# Burial Grave Marker - what material would you use and how to install it ?



## John Smith_inFL (Dec 15, 2017)

I would use either redwood or teak. 3" thick and one solid piece, no laminations
with stainless steel pipe legs anchored into the ground and the wood marker itself above ground.
this works for private cemeteries and pet grave markers as well.










In my very personal opinion and experience, some woods such as cypress, cedar, pine, etc.
will rot if they are in the ground. I would prefer for the marker to be above ground firmly
anchored below for stability and deter theft.


----------



## patcollins (Jul 22, 2010)

I would use Ipe or Cumaru, the stainless pipe is a good idea but where the heck do you get stainless pipe?

I don't think the cement is needed, have you ever tried to pull out a pipe that is 2ft into the ground?


----------



## Luthierman (Jun 4, 2015)

I would go with hedge. I have pulled out 60+ year old corner posts that are still good. That shiz is crazy resilient against rot.


----------



## John Smith_inFL (Dec 15, 2017)

yes - I have pulled pipe out of the ground. if it has smooth sides it will pop right out.
I just removed 150 feet of chain link fence that had every other pipe post cemented and every other without.
the ones with no cement came right out, the ones with cement had to be dug out.
now - rebar is different. when it rusts in the ground, it cements itself into the surrounding dirt
and is a real bugger to pull up.
Central Florida uses a LOT of stainless pipe on boat rails. very common to find. same as aluminum.
of course the builder can use whatever is available to him/her (even PVC pipe filled with cement). its their project.
I am just illustrating how I would do it if I had the job.

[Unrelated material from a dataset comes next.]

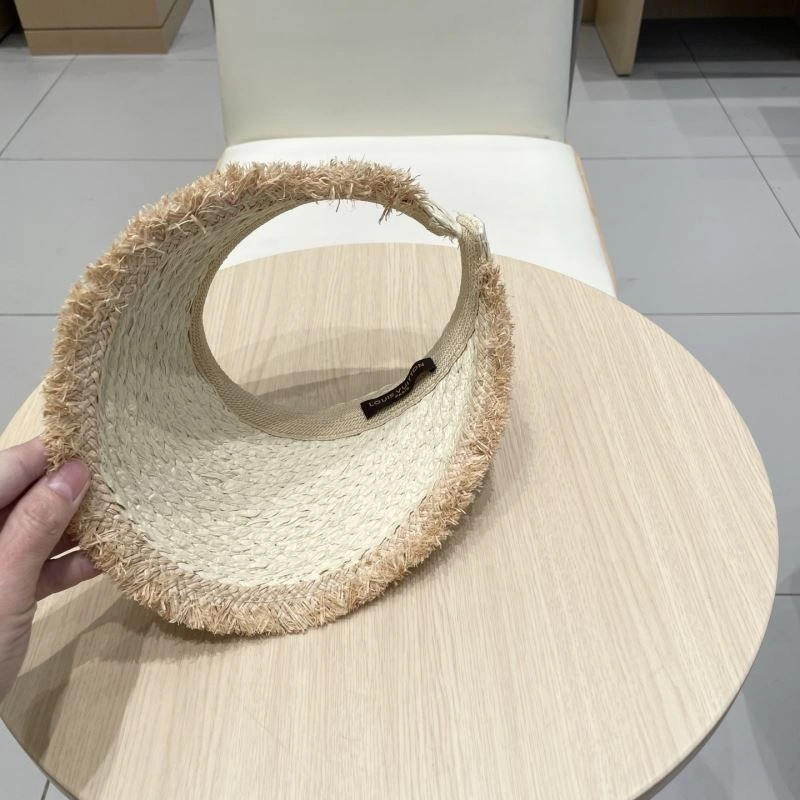 Louis Vuitton Caps UrbanChic 261770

and I agree that Ipe and Black Locust are very good candidates. 
just hard to find in big 3"x18"x24" chunks that I would use myself.
I have made a lot of bronze plaques during the 40 years that I was a sign maker.
quite a few were personal markers to be attached to an existing stone monument.
so I know my way around plaques, markers, etc. (and some of the regulations).


----------



## patcollins (Jul 22, 2010)

> yes - I have pulled pipe out of the ground. if it has smooth sides it will pop right out.


Suppose that the type of dirt needs to be taken into account, I am thinking about the clay heavy dirt in West Virginia where I could not pull a pipe out of the ground without mechanical help.


----------



## John Smith_inFL (Dec 15, 2017)

I lived in Summersville, Nicholas County County for 3 years.
you can not even dig a hole there - much less pull anything up.
as I mentioned - this is what I would do if I had the job…. I am now back in FLORIDA.
our sand is 500 or more feet before you hit bedrock. we do not have clay like you do.
again - each person will determine what method of install suits them best.

Pat - if you are talking about iron gas and water pipe,
yes, once a pipe rusts in the dirt and rocks, it can be very hard to pull up after 20 years.


----------



## marc_rosen (Sep 9, 2009)

I was asked to make a 9-11 memorial for some family members of one of our doctors and I used some leftover Ipe from a contractors job elsewhere on our campus (which I was fortunate enough to score several dozen board feet of 12×1 inch boards). It is sitting on the soil and I made some anchors from "All Thread" and set some nuts on the end to hold it in concrete. Some years later our ground's crew hit the memorial clearing snow. It only budged a few inches but it stayed in the ground. The Ipe is weathered gray but it still looks very intact.
Hope you all have a safe New Year's Eve celebration and several healthy New Years ahead.
Marc


----------